CONCURRING: PHILIP E. TOCI, Judge, and THOMAS C. KLEINSCHMIDT, Judge.

FootNotes


1. These documents included (1) year-to-date fiscal activities by branch office, (2) revenue per car for each branch office, (3) number of vehicles per branch office, (4) ancillary sales activities, (5) analysis of each branch office's productivity, (6) operating plans for the fiscal year, (7) expansion plans, (8) market-by-market break-even points, (9) gross revenue and costs on an area basis, (10) number of rental vehicles per branch office, (11) rental revenue derived from daily rates and ancillary sales, (12) profitability statements on a per unit basis, (13) fleet size, (14) overall profitability, and (15) a "Customer Service Worksheet" described below.

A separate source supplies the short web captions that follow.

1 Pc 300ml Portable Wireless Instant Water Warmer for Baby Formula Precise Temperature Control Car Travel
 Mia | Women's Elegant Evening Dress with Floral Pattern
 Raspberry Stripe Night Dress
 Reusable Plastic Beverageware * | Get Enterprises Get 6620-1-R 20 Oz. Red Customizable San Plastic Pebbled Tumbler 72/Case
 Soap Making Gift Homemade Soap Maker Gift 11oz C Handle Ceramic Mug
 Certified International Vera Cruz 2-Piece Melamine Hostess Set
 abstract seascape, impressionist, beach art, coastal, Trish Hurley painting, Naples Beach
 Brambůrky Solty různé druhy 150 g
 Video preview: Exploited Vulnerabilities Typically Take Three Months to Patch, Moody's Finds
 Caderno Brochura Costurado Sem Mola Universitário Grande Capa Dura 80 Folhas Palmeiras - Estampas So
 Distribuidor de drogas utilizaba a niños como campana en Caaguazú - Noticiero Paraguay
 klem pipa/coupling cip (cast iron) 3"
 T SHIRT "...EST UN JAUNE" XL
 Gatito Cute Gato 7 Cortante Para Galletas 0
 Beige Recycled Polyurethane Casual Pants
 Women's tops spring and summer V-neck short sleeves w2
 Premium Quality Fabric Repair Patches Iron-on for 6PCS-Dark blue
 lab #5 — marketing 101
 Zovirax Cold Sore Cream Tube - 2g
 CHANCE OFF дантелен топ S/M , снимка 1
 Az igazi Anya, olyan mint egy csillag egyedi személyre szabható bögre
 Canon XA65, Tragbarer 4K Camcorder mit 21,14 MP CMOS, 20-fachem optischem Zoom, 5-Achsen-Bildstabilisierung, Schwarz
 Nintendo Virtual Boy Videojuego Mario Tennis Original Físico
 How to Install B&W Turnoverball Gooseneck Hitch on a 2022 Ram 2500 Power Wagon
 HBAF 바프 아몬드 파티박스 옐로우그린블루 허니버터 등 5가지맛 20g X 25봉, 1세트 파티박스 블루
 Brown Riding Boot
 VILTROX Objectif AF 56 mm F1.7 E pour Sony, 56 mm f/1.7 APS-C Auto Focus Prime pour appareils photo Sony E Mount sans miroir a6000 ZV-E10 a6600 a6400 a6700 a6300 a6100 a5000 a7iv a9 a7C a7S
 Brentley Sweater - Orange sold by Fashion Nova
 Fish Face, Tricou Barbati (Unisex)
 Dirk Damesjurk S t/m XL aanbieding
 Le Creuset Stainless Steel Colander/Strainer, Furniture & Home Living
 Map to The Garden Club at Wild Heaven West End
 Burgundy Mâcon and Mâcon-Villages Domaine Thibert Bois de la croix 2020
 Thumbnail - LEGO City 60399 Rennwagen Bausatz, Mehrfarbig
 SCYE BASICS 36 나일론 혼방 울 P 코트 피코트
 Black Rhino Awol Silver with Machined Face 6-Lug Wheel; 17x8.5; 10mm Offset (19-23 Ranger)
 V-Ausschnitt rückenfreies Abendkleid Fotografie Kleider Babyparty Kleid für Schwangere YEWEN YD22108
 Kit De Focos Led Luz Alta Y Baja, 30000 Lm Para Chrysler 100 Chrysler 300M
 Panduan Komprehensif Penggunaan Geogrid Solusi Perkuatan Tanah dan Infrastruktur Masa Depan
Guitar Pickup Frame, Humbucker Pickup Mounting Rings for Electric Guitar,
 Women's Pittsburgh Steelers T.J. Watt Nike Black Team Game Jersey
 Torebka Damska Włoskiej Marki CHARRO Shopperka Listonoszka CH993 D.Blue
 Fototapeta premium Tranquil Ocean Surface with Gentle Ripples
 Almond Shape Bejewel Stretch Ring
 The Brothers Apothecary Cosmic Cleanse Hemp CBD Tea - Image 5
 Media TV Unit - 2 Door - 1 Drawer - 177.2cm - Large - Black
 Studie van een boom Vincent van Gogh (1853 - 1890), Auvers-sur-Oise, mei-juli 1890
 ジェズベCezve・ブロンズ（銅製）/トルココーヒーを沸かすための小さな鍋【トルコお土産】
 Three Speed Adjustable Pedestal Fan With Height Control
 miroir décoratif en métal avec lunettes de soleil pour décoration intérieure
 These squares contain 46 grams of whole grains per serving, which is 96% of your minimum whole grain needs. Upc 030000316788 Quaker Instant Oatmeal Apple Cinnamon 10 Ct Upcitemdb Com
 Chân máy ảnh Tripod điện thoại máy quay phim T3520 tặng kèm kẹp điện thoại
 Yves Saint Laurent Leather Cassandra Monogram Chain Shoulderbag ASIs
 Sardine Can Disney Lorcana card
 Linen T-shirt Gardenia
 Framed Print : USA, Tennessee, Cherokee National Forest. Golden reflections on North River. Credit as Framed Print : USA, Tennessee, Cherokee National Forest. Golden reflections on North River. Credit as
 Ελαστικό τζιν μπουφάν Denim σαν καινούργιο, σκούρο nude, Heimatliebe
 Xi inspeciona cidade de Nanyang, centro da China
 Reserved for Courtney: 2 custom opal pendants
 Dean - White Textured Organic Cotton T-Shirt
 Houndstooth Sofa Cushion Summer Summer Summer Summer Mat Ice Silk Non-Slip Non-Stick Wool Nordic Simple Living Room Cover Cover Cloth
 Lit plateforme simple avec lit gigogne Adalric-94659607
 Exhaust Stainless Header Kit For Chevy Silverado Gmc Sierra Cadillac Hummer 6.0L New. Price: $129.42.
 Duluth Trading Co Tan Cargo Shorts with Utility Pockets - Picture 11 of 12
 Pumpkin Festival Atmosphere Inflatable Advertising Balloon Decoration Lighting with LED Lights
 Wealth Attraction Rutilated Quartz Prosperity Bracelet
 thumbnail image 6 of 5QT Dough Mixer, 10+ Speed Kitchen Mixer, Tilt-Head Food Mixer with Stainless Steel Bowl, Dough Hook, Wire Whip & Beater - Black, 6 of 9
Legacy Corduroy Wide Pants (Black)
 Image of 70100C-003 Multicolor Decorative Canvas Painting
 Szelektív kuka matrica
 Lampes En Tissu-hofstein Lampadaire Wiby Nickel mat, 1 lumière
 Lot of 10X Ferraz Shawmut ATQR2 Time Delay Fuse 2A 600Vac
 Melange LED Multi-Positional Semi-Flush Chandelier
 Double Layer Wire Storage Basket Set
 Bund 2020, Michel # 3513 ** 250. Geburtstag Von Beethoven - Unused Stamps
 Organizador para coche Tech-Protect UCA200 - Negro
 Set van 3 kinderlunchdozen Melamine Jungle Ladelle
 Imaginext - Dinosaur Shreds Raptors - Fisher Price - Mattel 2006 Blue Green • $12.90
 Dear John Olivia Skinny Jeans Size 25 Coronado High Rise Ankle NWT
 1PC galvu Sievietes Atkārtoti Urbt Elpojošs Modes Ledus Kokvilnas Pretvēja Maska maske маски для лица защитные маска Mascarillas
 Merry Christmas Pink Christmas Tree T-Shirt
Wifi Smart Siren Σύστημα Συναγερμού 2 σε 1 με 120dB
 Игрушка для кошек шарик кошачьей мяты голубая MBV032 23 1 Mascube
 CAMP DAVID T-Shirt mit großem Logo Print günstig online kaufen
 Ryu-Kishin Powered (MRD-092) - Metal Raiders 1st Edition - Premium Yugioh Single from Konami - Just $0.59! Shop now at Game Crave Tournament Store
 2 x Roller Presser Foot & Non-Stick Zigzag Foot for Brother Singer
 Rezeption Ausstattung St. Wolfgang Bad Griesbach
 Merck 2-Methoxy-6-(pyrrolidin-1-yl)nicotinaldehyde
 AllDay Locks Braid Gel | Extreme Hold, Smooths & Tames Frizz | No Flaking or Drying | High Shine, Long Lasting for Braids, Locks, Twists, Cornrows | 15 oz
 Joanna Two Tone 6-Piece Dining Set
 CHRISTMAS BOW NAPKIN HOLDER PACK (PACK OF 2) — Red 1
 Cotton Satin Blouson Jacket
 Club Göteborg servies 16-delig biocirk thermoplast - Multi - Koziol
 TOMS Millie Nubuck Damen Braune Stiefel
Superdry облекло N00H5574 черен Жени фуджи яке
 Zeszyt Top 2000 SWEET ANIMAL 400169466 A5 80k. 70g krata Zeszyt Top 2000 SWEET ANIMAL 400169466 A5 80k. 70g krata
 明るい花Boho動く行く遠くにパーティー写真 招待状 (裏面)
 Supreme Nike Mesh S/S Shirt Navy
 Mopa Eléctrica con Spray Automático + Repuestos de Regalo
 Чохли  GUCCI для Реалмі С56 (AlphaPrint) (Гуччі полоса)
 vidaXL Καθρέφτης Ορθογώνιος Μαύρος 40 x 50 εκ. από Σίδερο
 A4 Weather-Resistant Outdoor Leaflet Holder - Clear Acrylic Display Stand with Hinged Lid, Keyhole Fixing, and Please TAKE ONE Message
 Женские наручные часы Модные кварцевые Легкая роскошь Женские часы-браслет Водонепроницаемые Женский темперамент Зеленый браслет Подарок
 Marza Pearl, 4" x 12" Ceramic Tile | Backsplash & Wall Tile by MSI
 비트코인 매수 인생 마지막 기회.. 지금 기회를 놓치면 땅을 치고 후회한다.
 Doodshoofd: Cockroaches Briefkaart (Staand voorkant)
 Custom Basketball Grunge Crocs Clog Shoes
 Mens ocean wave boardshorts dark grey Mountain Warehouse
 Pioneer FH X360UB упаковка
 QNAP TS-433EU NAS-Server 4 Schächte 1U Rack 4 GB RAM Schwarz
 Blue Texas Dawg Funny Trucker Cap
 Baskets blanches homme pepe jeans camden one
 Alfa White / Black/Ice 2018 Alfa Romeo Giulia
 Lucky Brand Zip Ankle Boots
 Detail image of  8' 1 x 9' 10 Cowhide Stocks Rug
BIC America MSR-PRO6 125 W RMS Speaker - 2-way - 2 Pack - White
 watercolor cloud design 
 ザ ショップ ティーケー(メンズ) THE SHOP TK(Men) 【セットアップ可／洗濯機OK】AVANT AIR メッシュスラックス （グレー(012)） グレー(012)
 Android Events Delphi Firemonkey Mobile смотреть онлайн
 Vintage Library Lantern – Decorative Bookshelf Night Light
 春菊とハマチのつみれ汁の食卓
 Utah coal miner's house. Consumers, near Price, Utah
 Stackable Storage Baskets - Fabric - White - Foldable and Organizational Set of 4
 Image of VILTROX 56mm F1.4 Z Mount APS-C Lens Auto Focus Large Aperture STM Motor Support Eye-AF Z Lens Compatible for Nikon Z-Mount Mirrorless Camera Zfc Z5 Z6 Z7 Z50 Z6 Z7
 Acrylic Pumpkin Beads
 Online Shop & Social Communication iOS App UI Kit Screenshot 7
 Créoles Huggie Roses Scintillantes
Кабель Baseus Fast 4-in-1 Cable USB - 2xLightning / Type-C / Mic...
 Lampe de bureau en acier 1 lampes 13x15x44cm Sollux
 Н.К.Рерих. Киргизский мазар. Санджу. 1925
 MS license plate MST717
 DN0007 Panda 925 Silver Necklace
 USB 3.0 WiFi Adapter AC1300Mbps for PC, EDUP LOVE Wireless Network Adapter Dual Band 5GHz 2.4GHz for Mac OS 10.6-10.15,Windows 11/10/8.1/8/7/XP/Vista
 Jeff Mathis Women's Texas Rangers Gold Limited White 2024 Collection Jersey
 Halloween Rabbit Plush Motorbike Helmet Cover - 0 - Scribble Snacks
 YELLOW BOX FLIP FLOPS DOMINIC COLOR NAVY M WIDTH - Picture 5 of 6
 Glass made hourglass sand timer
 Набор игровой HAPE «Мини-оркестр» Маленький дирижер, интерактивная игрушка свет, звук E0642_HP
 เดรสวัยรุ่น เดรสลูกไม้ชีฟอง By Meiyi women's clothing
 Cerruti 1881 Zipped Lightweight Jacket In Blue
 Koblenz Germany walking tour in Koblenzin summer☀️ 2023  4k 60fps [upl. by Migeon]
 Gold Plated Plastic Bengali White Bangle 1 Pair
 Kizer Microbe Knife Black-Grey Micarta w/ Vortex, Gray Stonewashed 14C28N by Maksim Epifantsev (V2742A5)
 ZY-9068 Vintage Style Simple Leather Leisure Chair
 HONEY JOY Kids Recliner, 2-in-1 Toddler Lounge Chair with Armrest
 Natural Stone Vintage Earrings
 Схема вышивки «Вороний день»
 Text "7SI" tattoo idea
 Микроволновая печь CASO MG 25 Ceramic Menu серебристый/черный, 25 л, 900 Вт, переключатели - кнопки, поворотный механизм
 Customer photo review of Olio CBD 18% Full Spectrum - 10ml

2. At the hearing for the preliminary injunction on January 23, 1997, Ehmke testified to the contrary, that is, that he had intended to keep the documents as a reference.
3. Ehmke readily admitted to violating the covenant not to compete. He stated that he had contacted various Enterprise customers, account holders and employees.
4. Ehmke admitted at trial that he had in fact disclosed the same confidential customer lists to Budget and Premier that, during the proceedings for the preliminary injunction, he had testified he had destroyed. Two documents, Enterprise's "Daily Rental 14 Month Account Analysis" and a list of important Enterprise accounts, Ehmke claimed to have found in his briefcase in June 1997, but, instead of returning them to Enterprise, he gave them to Premier's Arizona manager.
5. The Worksheet includes market attributes; office appearance and traffic flow—exterior and interior; personnel attributes; leadership attributes in delegation, planning, organization and management; car condition and preparation; cycle of service at the telephone, pick-up process, branch arrival, rental contract, car, callback and vehicle return stages; and problem resolution. Each of these sections also detailed further criteria and provided lines for general written comments.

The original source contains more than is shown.